Would a cloud by any other name sell as well?
My last blog entry ‘Does Gartner understand cloud computing’ generated a lot of interest, especially in the twitter-o-sphere. This was no surprise, as opinions about this space tend to be very mixed. More so, I suspect that there is frustration with vendors, as your average ‘web application’ gets re-branded as a ‘cloud application’ and pitched to IT managers as the coolest thing since SOA, Agile Programming, UML, <other technology hype>. Senior IT professionals really just want to understand what the cloud is, without the hype and without any sales pitch.
So to be fair to Gartner, I thought I should take an attempt at my own definition of cloud computing:
“Cloud computing is defined as a self-service environment for the immediate provisioning of platforms and applications, with billing being based on granular usage consumption metrics.”
Take a look at the key attributes: self-service, immediate, granular billing. These attributes are really the main difference between cloud computing and any other technology. It’s the reason why having a web server is so 2000, while running a server on Amazon’s platform is so 2010: Amazon allows you to spin up images by yourself, makes them immediately available and will bill you for CPU, bandwidth and storage on an hourly basis. These limiting attributes are also the reason that cool new technologies can be implemented, such as the LabSlice virtual training environment – pull down training images on a need-be basis and pay solely for usage of the machine on an hourly basis.

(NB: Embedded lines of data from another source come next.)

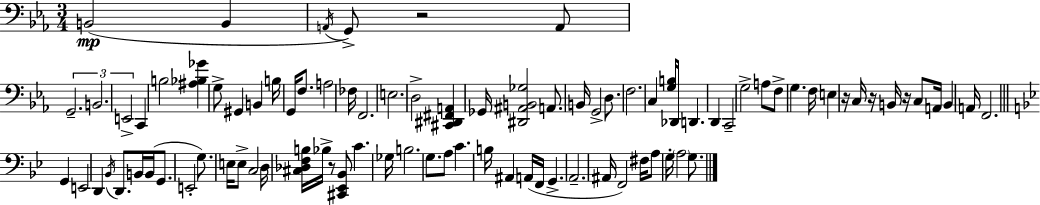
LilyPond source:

{
  \clef bass
  \numericTimeSignature
  \time 3/4
  \key c \minor
  b,2(\mp b,4 | \acciaccatura { a,16 } g,8->) r2 a,8 | \tuplet 3/2 { g,2.-- | b,2. | \break e,2-> } c,4 | b2 <ais bes ges'>4 | g8-> gis,4 b,4 b16 | g,16 f8. a2 | \break fes16 f,2. | e2. | d2-> <cis, dis, fis, a,>4 | ges,16 <dis, ais, b, ges>2 a,8. | \break b,16 g,2-> d8. | f2. | c4 <g b>16 des,16 d,4. | d,4 c,2-- | \break g2-> a8 f8-> | g4. f16 e4 | r16 c16 r16 b,16 r16 c8 a,16 b,4 | a,16 f,2. | \break \bar "||" \break \key g \minor g,4 e,2 | d,4 \acciaccatura { bes,16 } d,8. b,16 b,16( g,8. | e,2-. g8.) | e16 e8-> c2 d16 | \break <cis des f b>16 bes16-> r8 <cis, ees, bes,>8 c'4. | ges16 b2. | g8. a8 c'4. | b16 ais,4 a,16( f,16 g,4.-> | \break a,2.-- | ais,16 f,2) fis16 a8 | g16-. \parenthesize a2 g8. | \bar "|."
}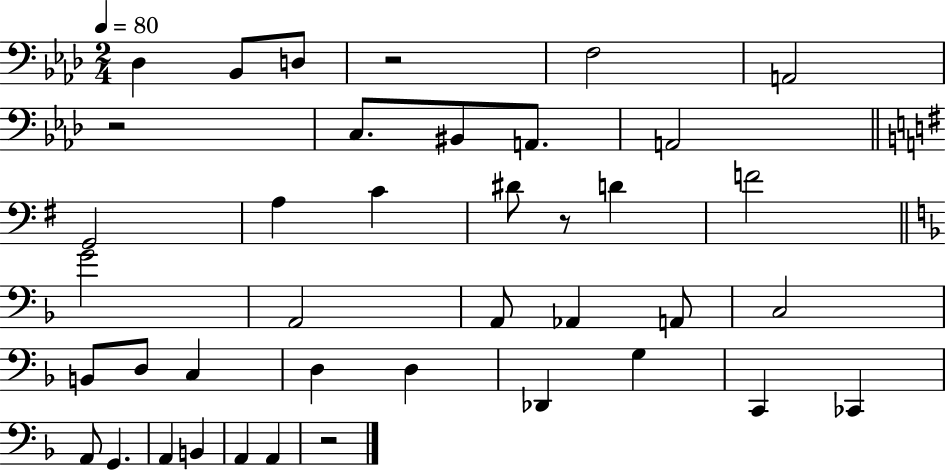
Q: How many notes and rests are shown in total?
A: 40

Very different from the old model of purchasing servers, deploying them in-house and then paying on an ongoing basis for hardware maintenance, usage and upgrades.
So the next time a vendor pitches you on a cloud solution, simply ask them the following:
1. Does your product offer self-service functionality to each and every one of our employees?
2. Is your solution immediately available to be used by each and every one of our employees?
3. Do you offer granular billing, so that we can pay you solely for what we consume?